| Description of the task |
Find "Coque en verre" and "Aheaplus 6 Tier" in the records below. Copy the lines holding them and every line between, exactly, and no others.
━━━━━ Supplied data ━━━━━
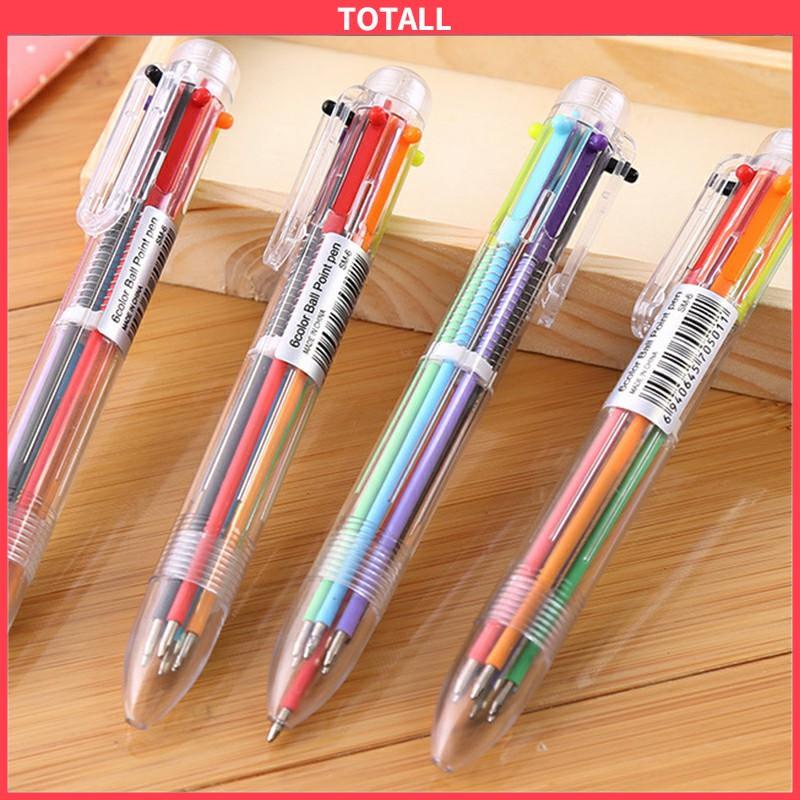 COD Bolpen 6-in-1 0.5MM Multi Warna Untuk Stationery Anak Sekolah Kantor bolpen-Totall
━━━━━
━━━━━ Supplied data ━━━━━
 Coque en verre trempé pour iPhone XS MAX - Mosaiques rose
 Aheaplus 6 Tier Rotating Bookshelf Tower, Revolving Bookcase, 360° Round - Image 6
━━━━━
━━━━━ Supplied data ━━━━━
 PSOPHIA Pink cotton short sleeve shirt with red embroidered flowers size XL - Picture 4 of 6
━━━━━
| Result for this task |
 Coque en verre trempé pour iPhone XS MAX - Mosaiques rose
 Aheaplus 6 Tier Rotating Bookshelf Tower, Revolving Bookcase, 360° Round - Image 6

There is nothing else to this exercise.